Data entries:
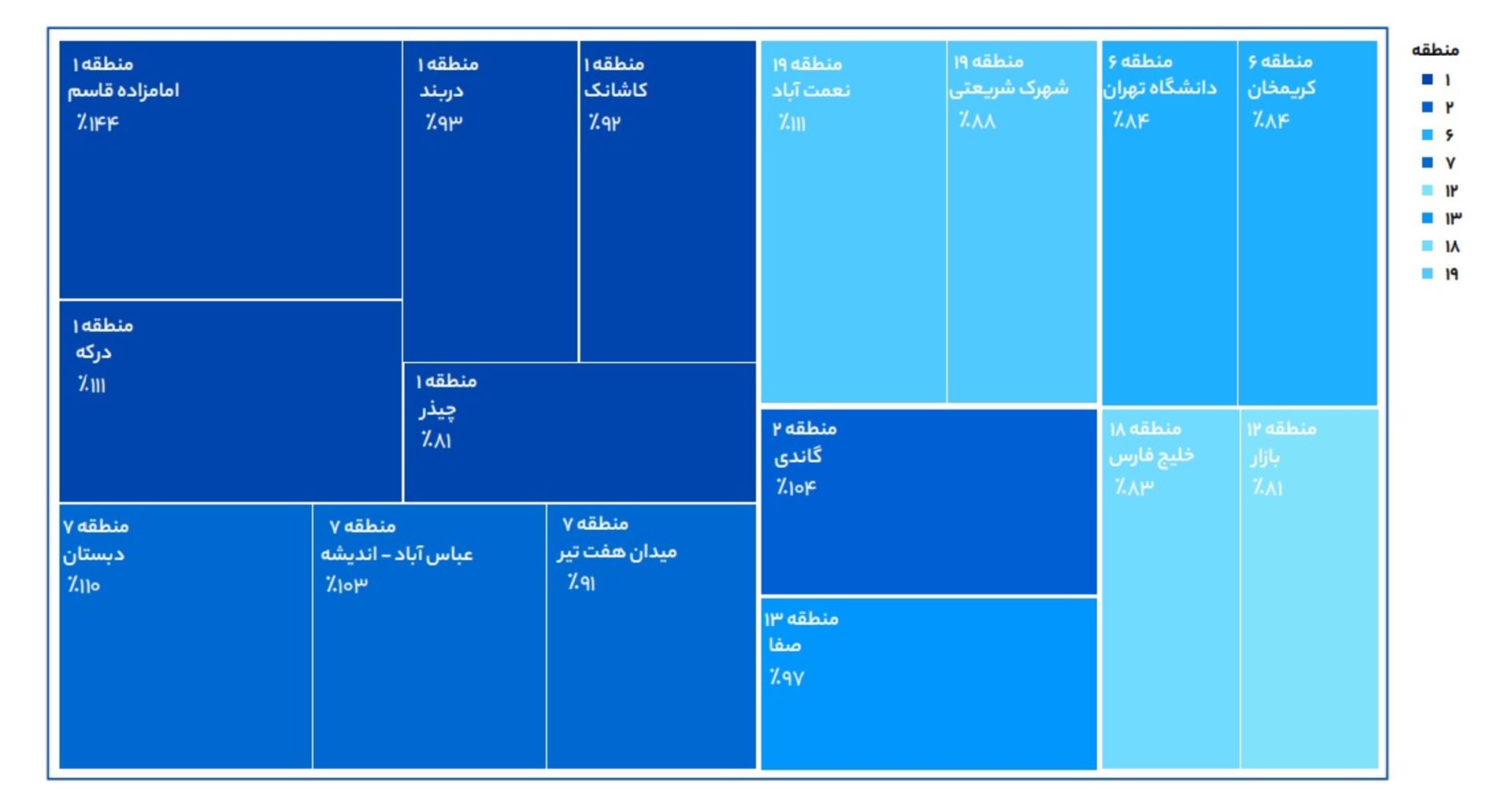 نمودار شیپور از بهترین مناطق تهران ازنظر رشد قیمت برای سرمایه‌گذاری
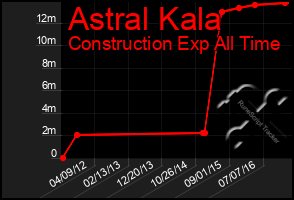 Total Graph of Astral Kala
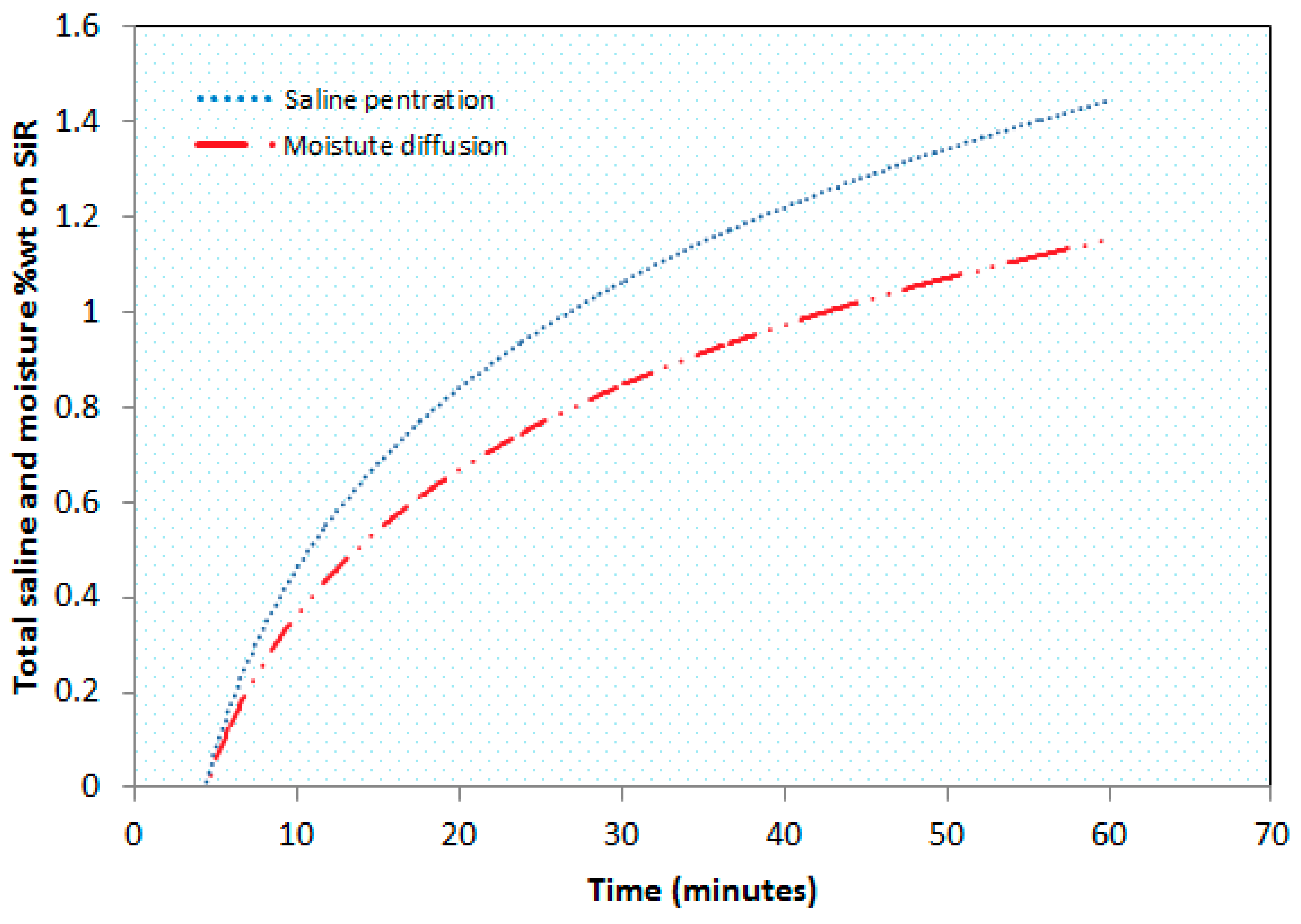Energies 12 03685 g004
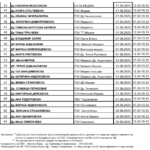 РАСПОРЕД НА ПЗУ САБОТНИ ДЕЖУРСТВА ВО ПОЛИКЛИНИКА ЈАНЕ САНДАНСКИ СКОПЈЕ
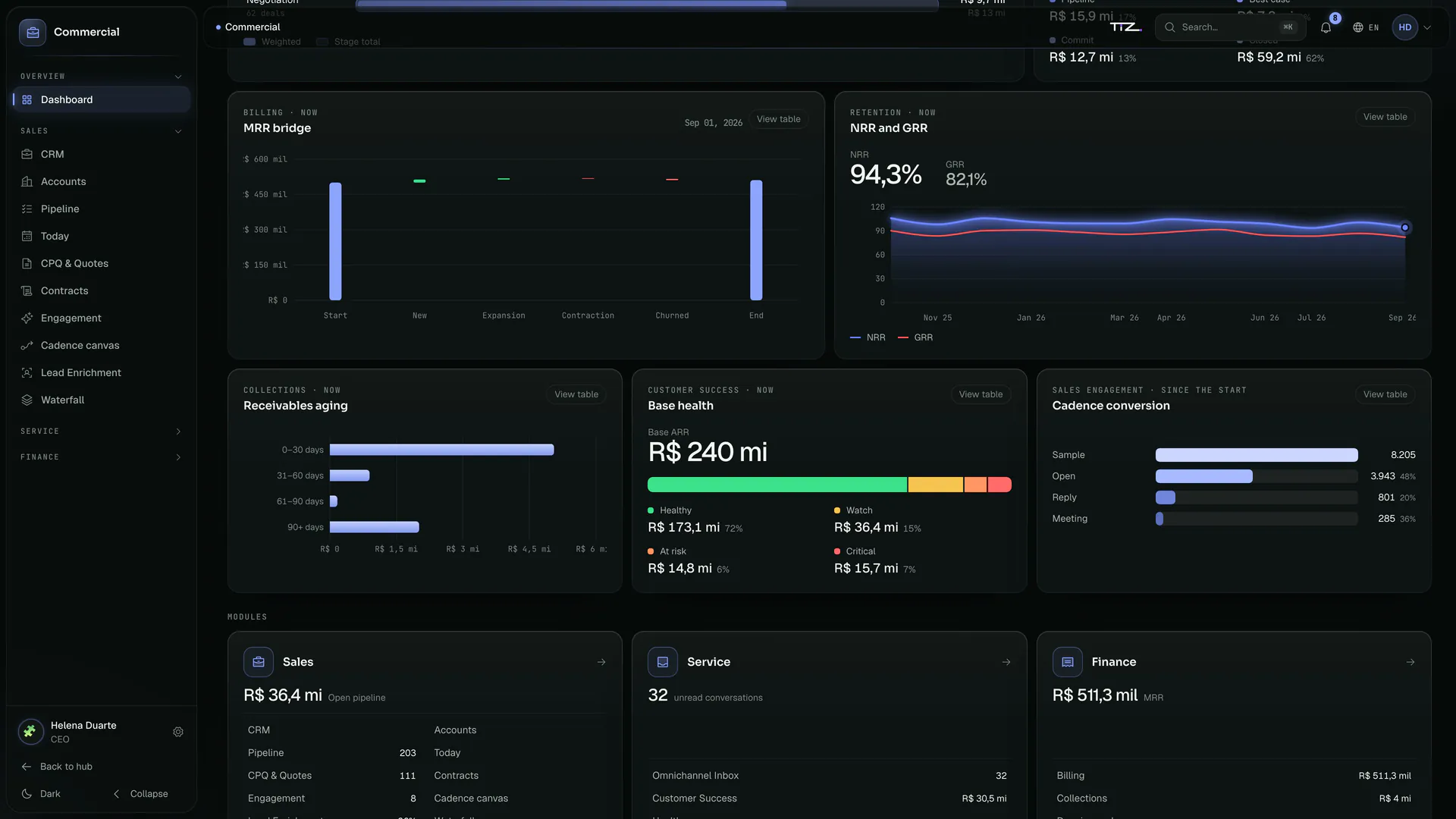 Grupo Vértice’s Commercial dashboard, scrolled down: MRR bridge, NRR and GRR, receivables aging, base health and cadence conversion.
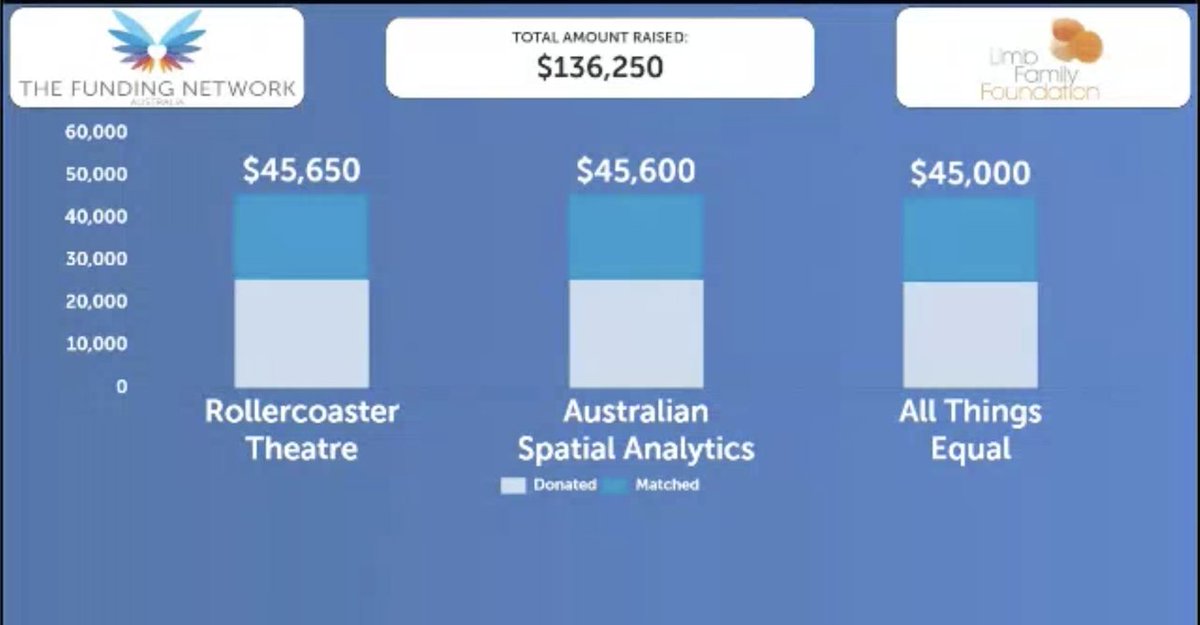 TFNAus's tweet photo. Woohoo – that's a WRAP! What a way to kick off our events calendar for 2022 with an incredible $136,250 raised for @RollercoasterTh, #AustralianSpatialAnalytics &amp; #AllThingsEqual to support young people with disability!! #collectivegiving https://t.co/Kiw9l7jvZ4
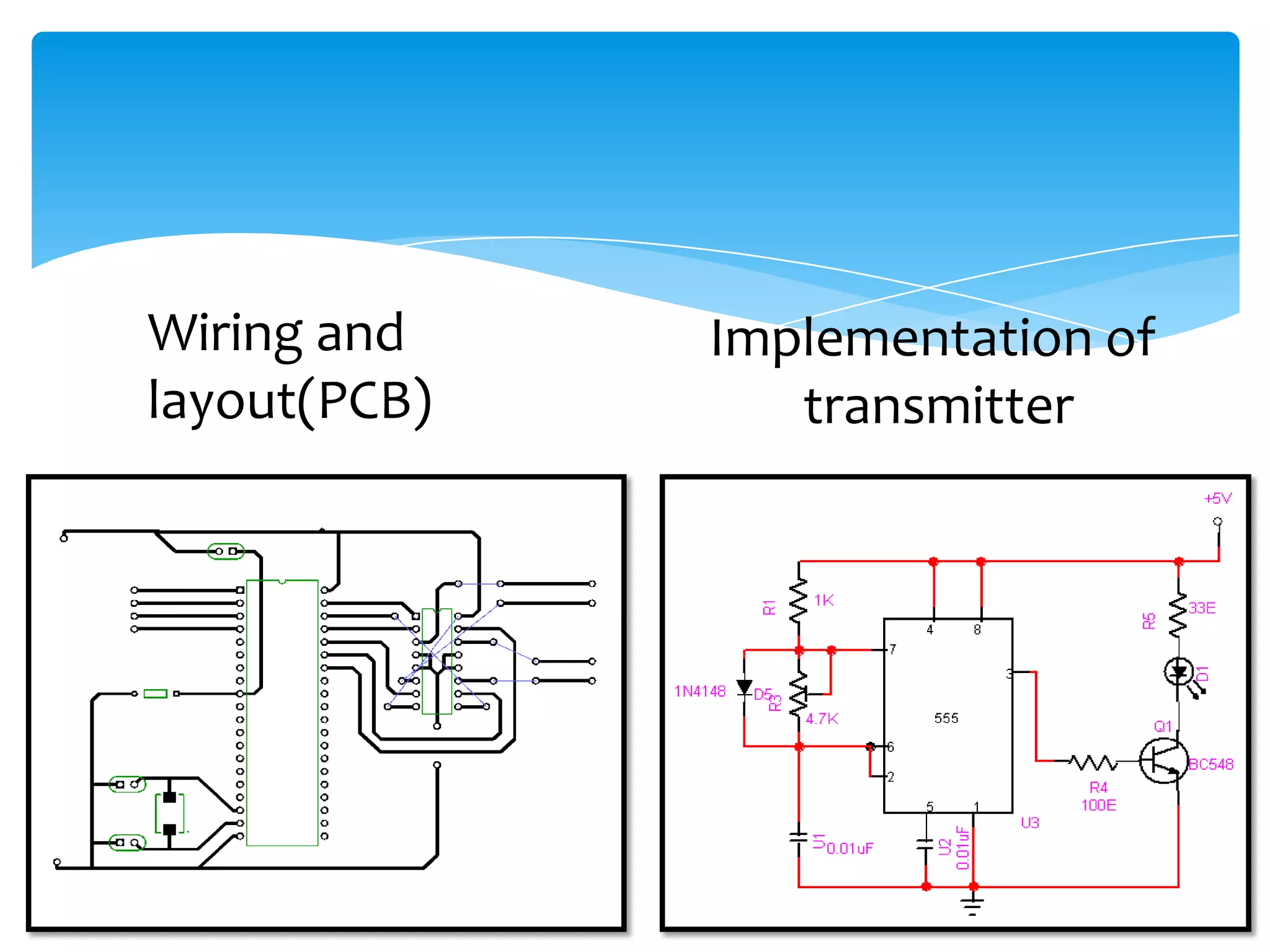 Wiring and    Implementation of
layout(PCB)      transmitter
 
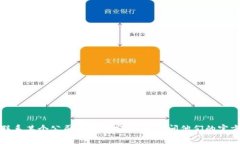抱歉，我无法提供具体的电话号码或联系信息。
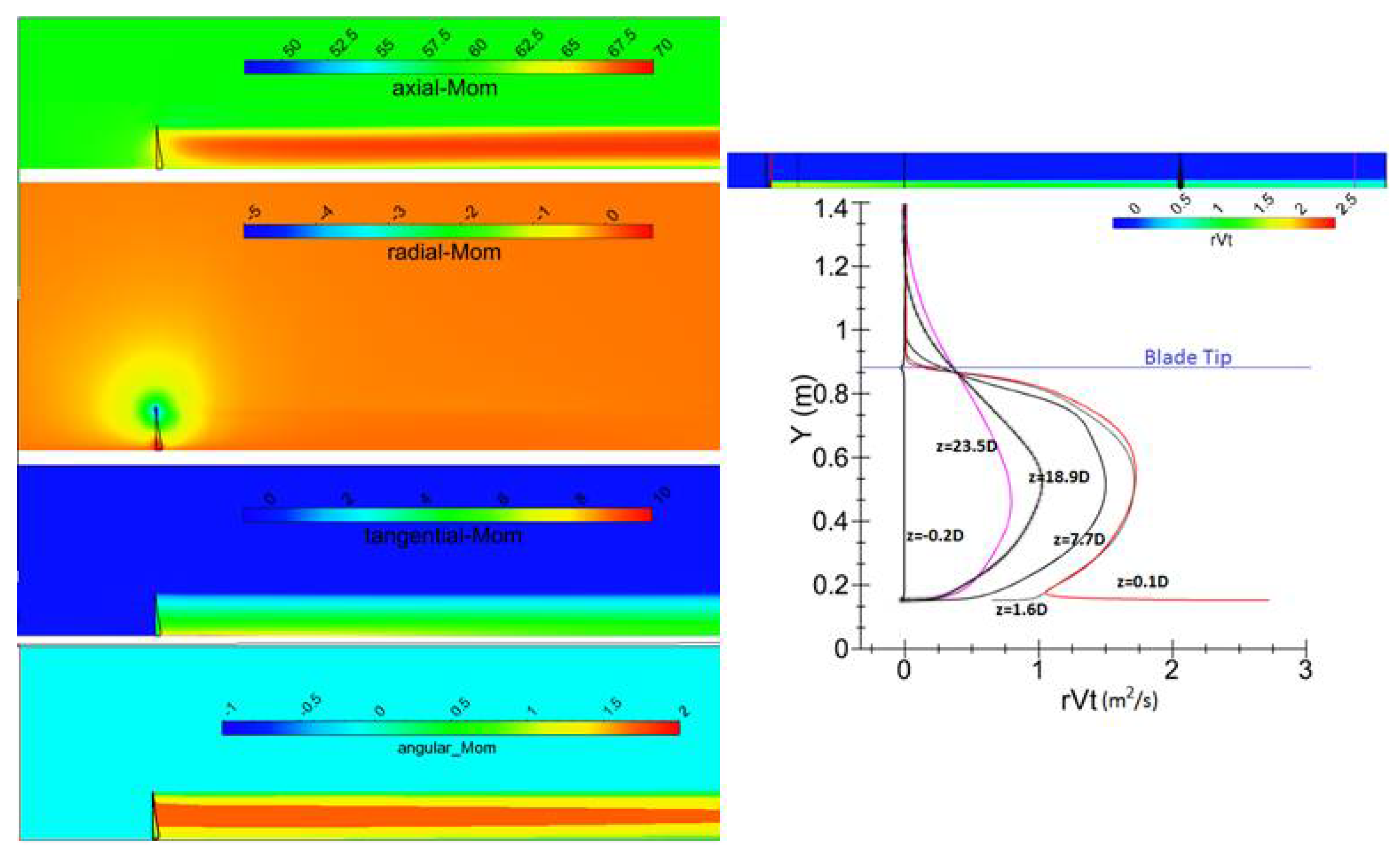 Fluids 07 00177 g017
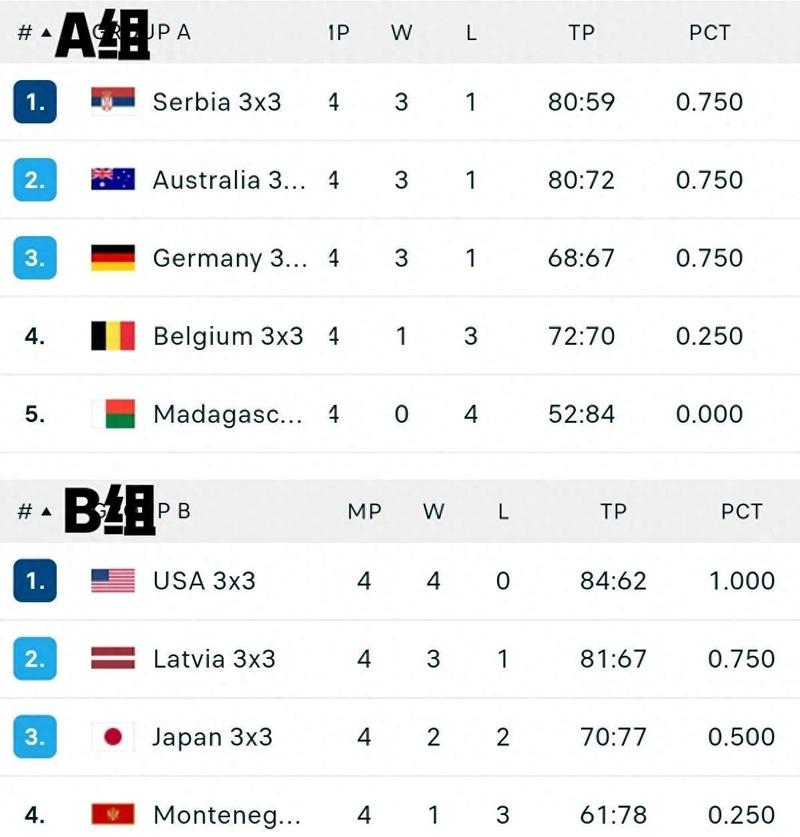 19年篮球世界杯成绩排名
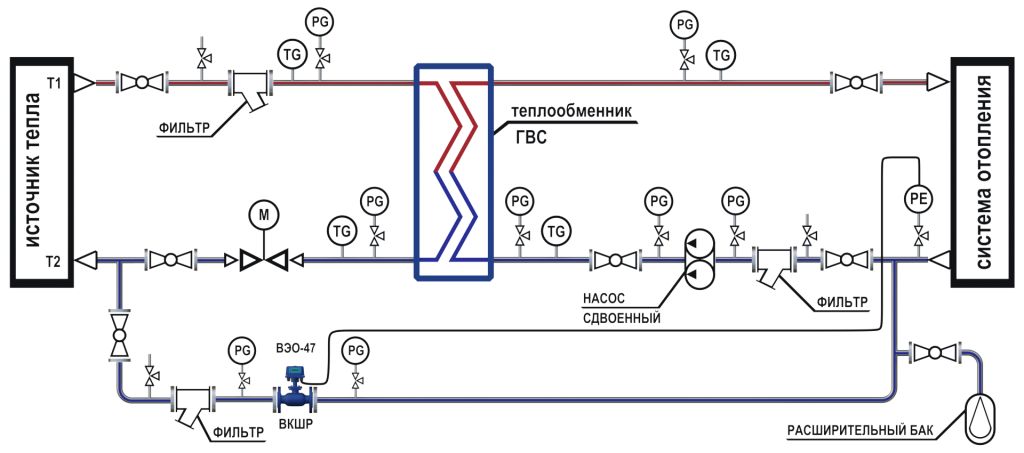 Дисковые затворы с электрическим приводом схема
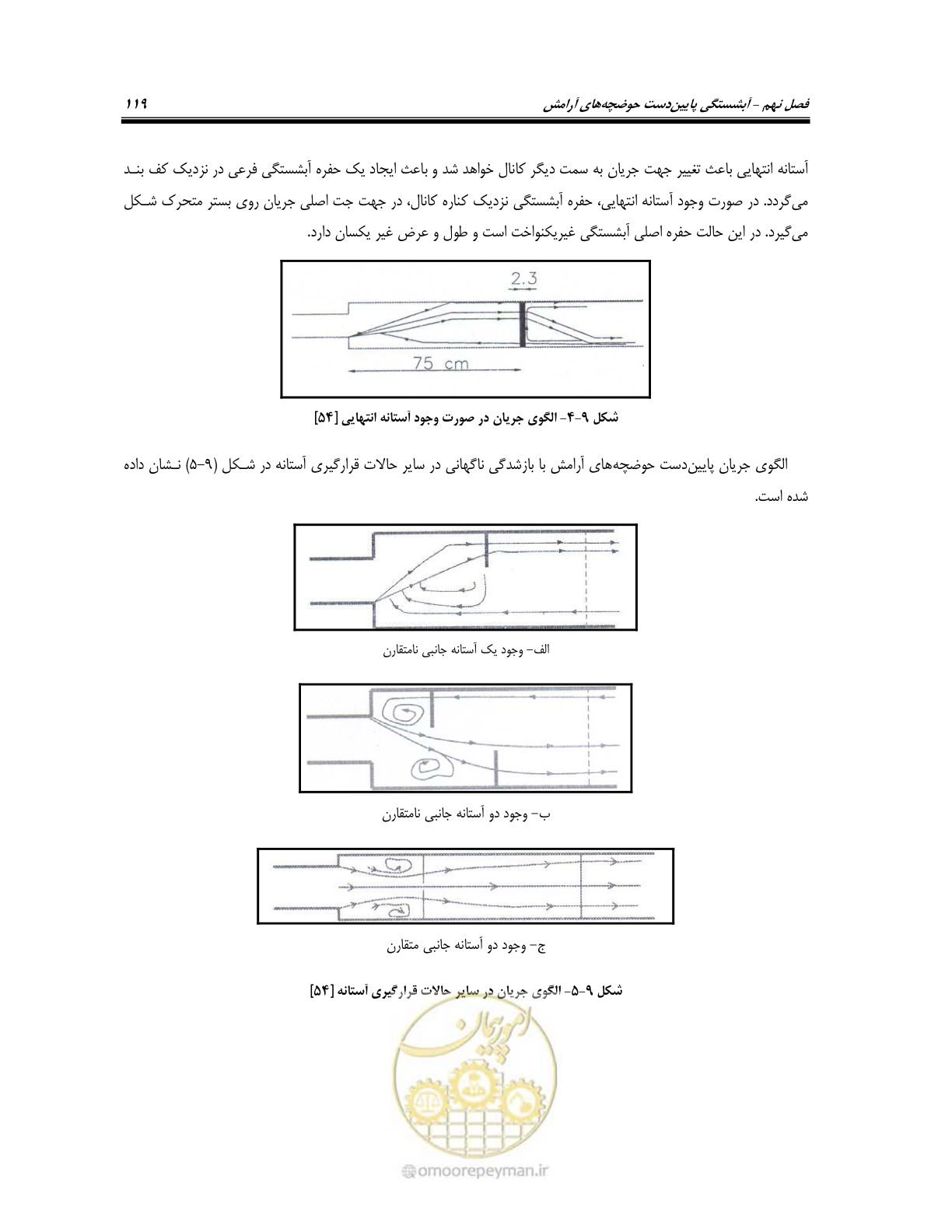 صفحه 135 از 150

## ACTIVITY
Write out each entry again exactly, and skip the pictures.

## TASK ANSWER
 نمودار شیپور از بهترین مناطق تهران ازنظر رشد قیمت برای سرمایه‌گذاری
 Total Graph of Astral Kala
Energies 12 03685 g004
 РАСПОРЕД НА ПЗУ САБОТНИ ДЕЖУРСТВА ВО ПОЛИКЛИНИКА ЈАНЕ САНДАНСКИ СКОПЈЕ
 Grupo Vértice’s Commercial dashboard, scrolled down: MRR bridge, NRR and GRR, receivables aging, base health and cadence conversion.
 TFNAus's tweet photo. Woohoo – that's a WRAP! What a way to kick off our events calendar for 2022 with an incredible $136,250 raised for @RollercoasterTh, #AustralianSpatialAnalytics &amp; #AllThingsEqual to support young people with disability!! #collectivegiving https://t.co/Kiw9l7jvZ4
 Wiring and    Implementation of
layout(PCB)      transmitter
 
抱歉，我无法提供具体的电话号码或联系信息。
 Fluids 07 00177 g017
 19年篮球世界杯成绩排名
 Дисковые затворы с электрическим приводом схема
 صفحه 135 از 150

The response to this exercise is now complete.